Task item: Extract precisely the lines that run from the line containing "Longueur 70 cm" to the end of the records below, with both ends included and pictures omitted.

(Data supplied Opens)

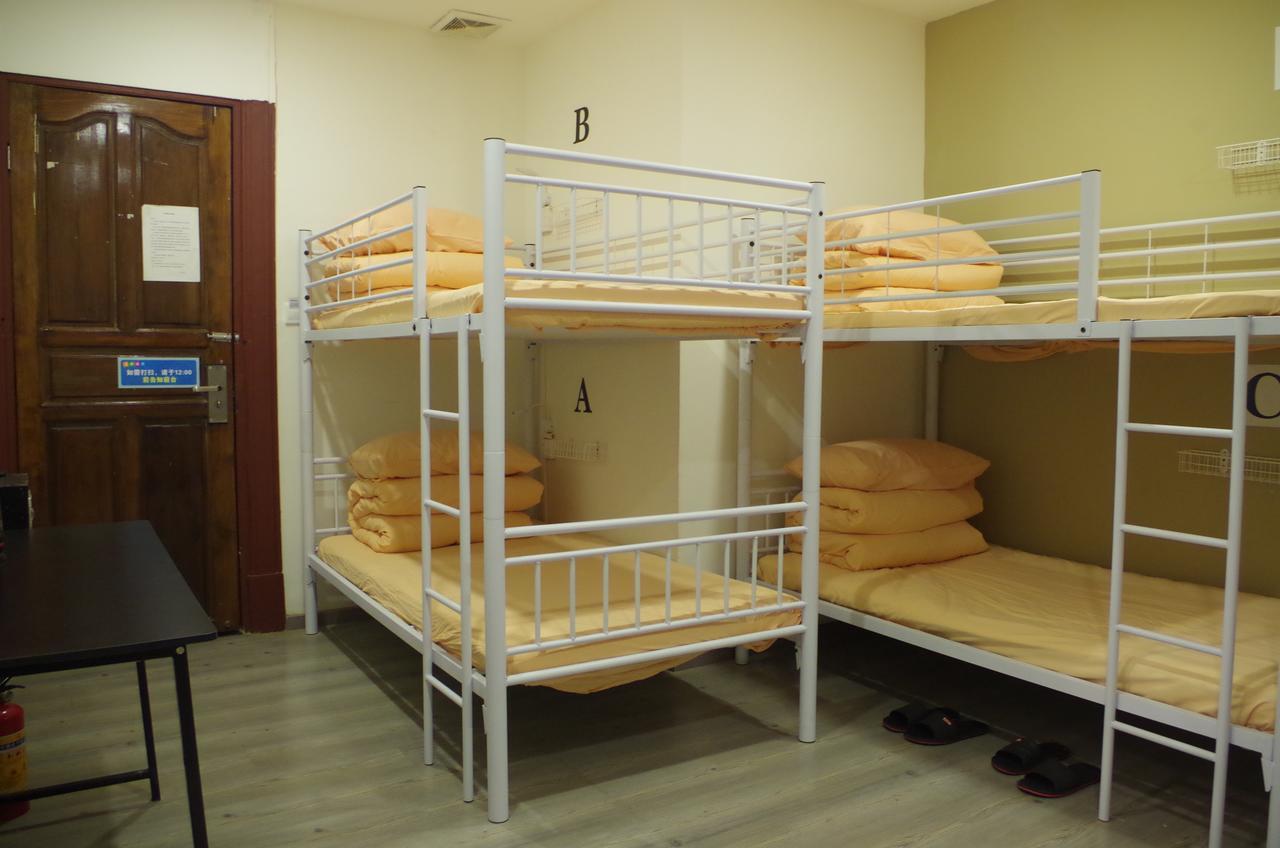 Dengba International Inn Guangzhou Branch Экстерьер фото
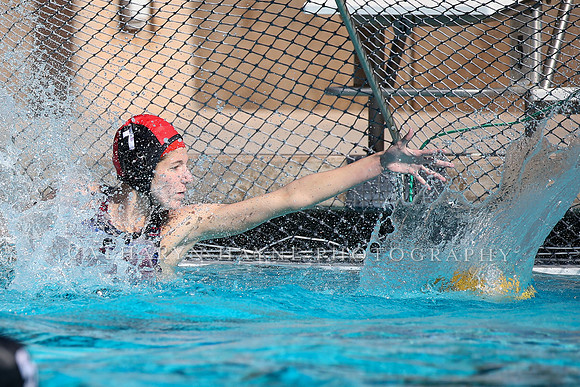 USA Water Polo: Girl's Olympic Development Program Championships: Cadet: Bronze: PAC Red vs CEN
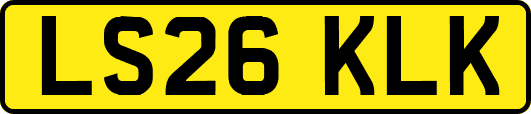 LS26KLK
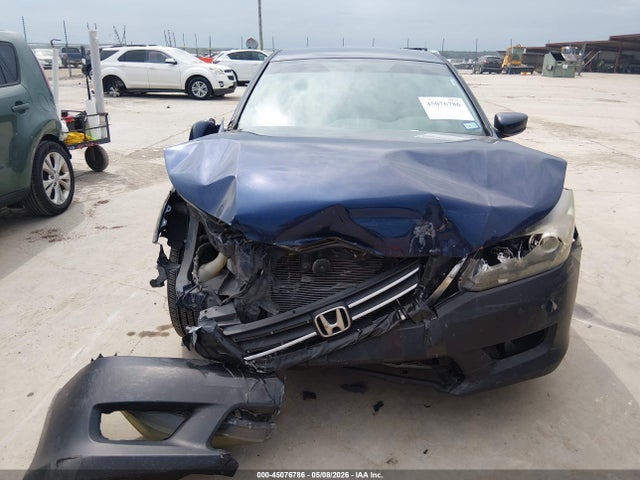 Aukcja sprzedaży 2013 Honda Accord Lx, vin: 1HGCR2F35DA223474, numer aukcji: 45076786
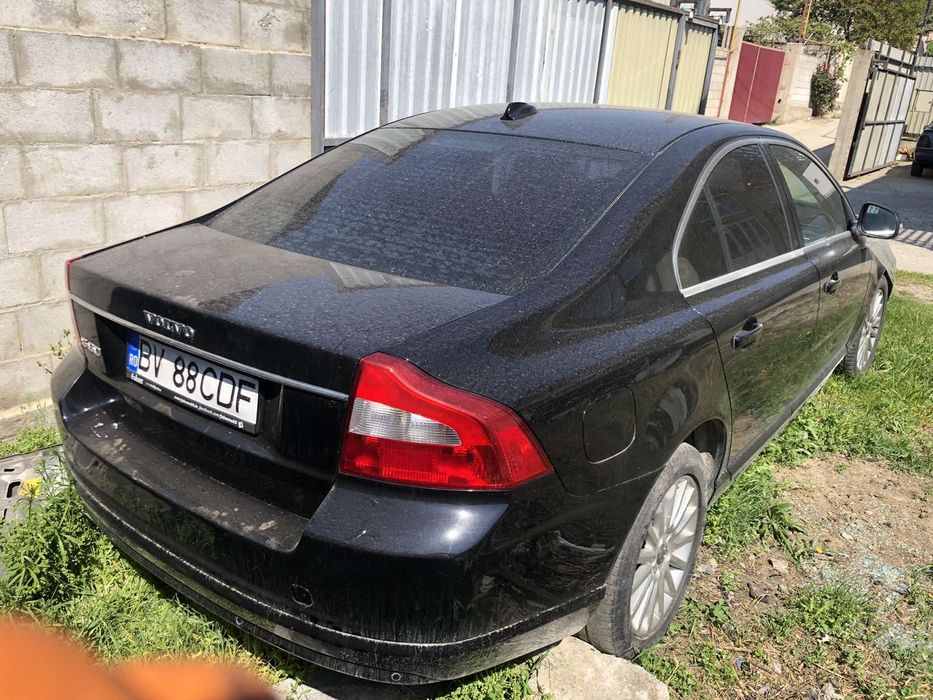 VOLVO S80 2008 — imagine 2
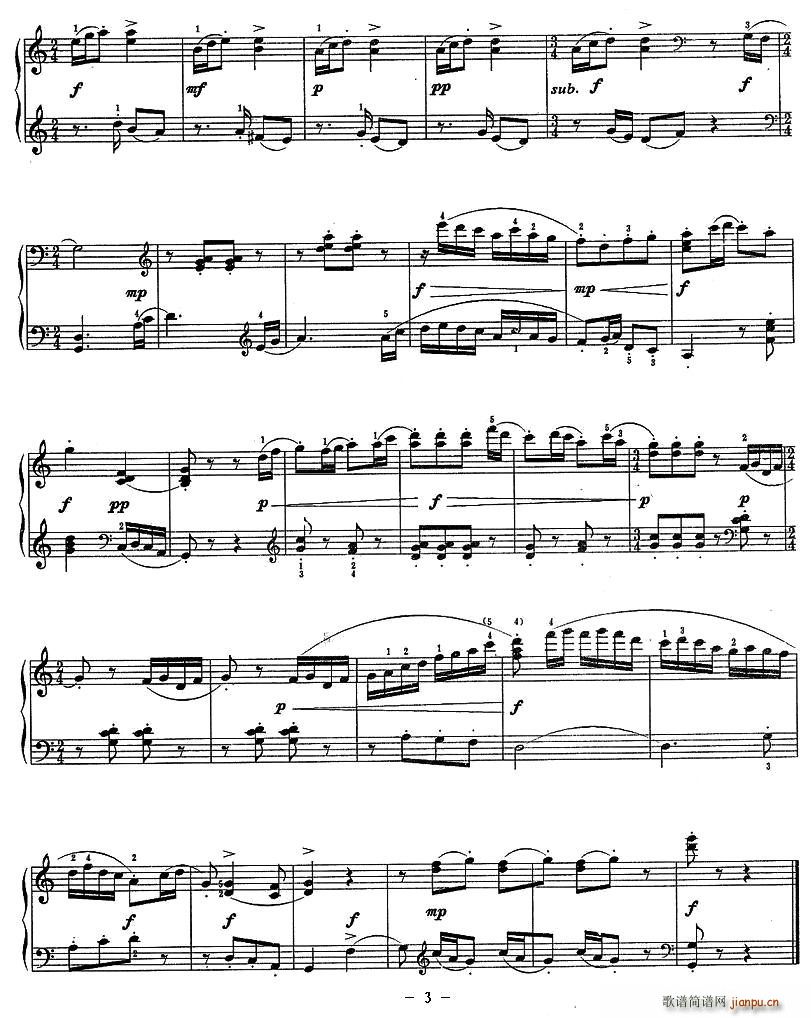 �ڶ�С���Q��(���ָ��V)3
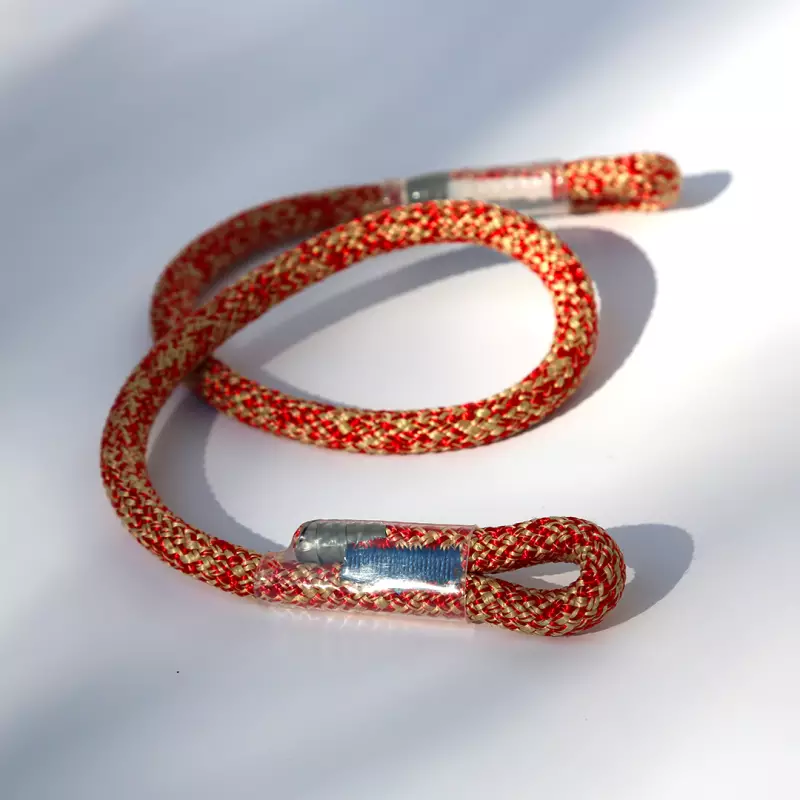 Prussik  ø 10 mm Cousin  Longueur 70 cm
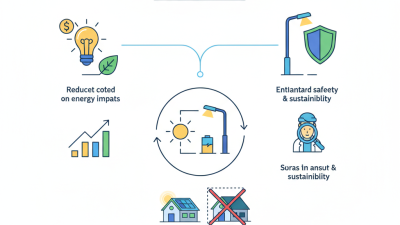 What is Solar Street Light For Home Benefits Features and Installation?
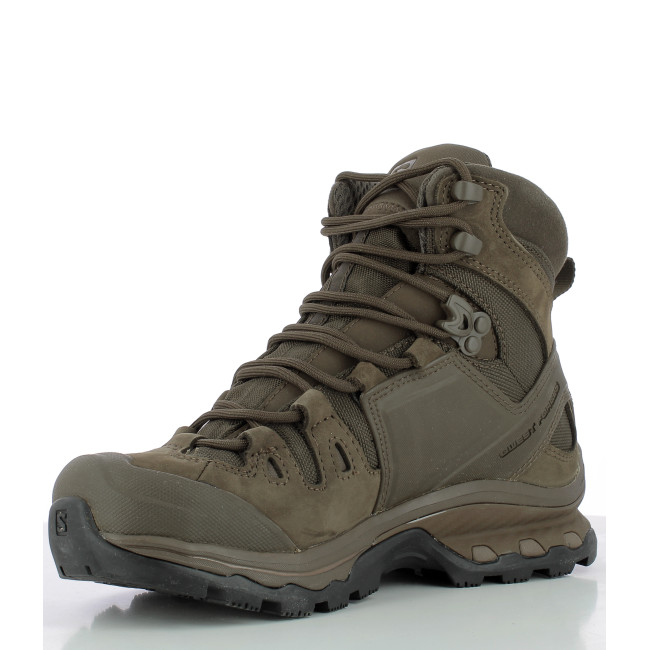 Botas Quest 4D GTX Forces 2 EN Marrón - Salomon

(Data supplied Closes)

Result for this exercise:
 Prussik  ø 10 mm Cousin  Longueur 70 cm
 What is Solar Street Light For Home Benefits Features and Installation?
 Botas Quest 4D GTX Forces 2 EN Marrón - Salomon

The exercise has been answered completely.